Will stdio outlive us? - parenthesis
http://elliotth.blogspot.com/2008/12/will-stdio-outlive-us.html

======
allenbrunson
some of these are legitimate complaints. but i'm having trouble working up any
outrage, because i like the stdio interface. personally, i paper over the
defects by not using stdio directly. i write wrappers around it, then write
tests, neither of which has to be revisited very often.

i guess the most pressing issue is shaky support for anything but ascii.
that's dealt with in the short term via utf8, and in the long term by
expanding the size of 'char' to 32 bits, i hope.

------
tsally
If you learn C from a text that is worth anything (K&R comes to mind) you
learn how to address this so called 'EOF error' from the beginning. If I
remember right, K&R does not even introduce the character primitive until
after it introduces getchar(). All of the examples use an int.

------
Allocator2008
For my money it is the only IO API one need ever learn.
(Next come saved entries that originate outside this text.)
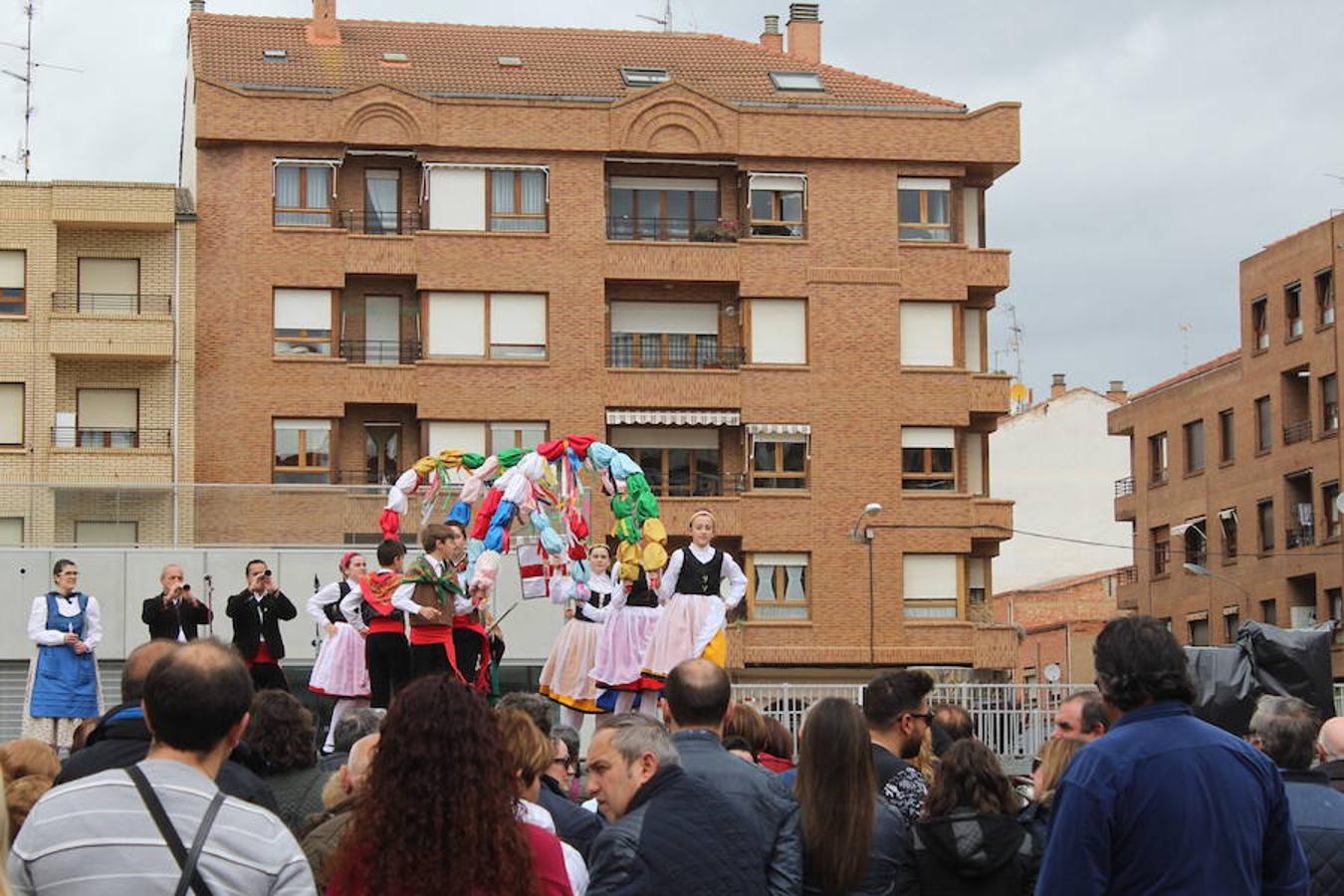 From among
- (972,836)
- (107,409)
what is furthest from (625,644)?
(107,409)

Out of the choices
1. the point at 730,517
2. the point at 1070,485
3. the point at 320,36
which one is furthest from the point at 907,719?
the point at 1070,485

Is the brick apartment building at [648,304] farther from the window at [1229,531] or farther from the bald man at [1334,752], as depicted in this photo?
the bald man at [1334,752]

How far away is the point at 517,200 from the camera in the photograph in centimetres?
5484

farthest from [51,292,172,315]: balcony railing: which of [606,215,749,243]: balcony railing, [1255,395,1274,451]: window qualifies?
[1255,395,1274,451]: window

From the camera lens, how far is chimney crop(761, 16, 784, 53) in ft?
210

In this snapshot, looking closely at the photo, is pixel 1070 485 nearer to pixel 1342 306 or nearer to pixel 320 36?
pixel 1342 306

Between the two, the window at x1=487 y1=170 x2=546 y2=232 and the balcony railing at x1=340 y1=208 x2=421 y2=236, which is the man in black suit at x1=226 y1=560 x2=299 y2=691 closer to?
the balcony railing at x1=340 y1=208 x2=421 y2=236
Good point on signed/unsigned. I think in most cases char is unisgned, i.e.,
in most environments, so this is not a problem. But can't you do something
like:

char c

while( (c = getchar() & 0xff) != EOF) { //Do something }

if you are in a signed environment?

I think really stdio is rather like my experience with mexican food. I live in
Austin, Texas now, and I love mexican food, the hotter the better, but as a
kid I lived in eldritch New England, not far from the Miskatonic river, and
felt I didn't "like" spicey food, being more used to lobster, clam chowder,
and so forth. Now they can't put enough jalepenos in a burger for my liking.
Similarly, being 27, and thus living in the "java age", I first taught myself
to program with the Java SDK, which spares one from alot of these "pitfalls".
But now I like the control, and also the relative simplicity of the API, that
stdio gives one, arguably more intuitive and easier to remember than in Java,
and given a choice between Java and C, I would go with the later. It is an
acquired taste.

To paraphrase Charleton Heston:

"They will take my [stdio] away out my cold, dead hands!"

:-)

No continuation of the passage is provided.